What needs to be done - Among the entries below, extract exactly the lines that run from the one with "MEDI-PEEL, Bor-Tox Маска" through the one with "Buy Xanax Online Without Prescription", both ends included.

Given data -
────────────────
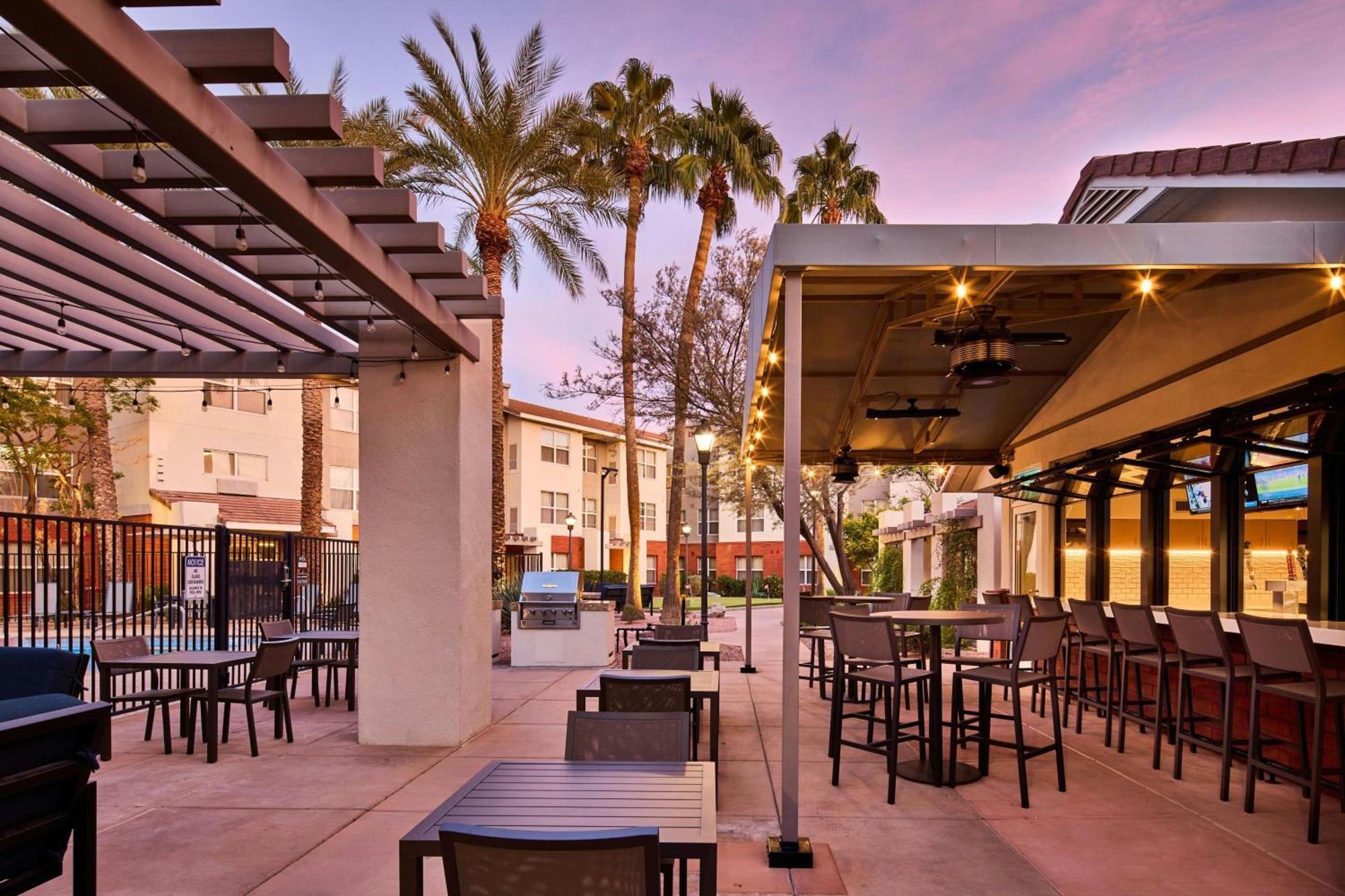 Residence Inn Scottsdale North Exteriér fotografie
────────────────
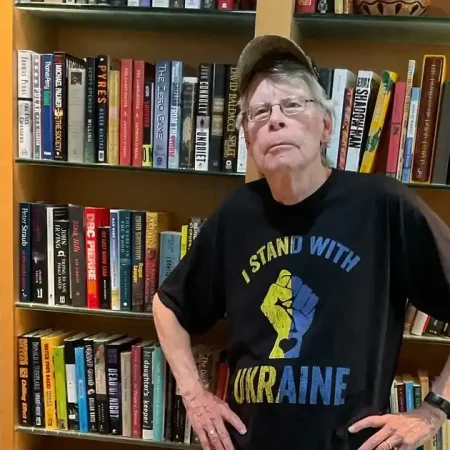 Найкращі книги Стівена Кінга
────────────────
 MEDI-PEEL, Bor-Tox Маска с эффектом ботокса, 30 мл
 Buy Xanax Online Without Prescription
────────────────
Your solution -
 MEDI-PEEL, Bor-Tox Маска с эффектом ботокса, 30 мл
 Buy Xanax Online Without Prescription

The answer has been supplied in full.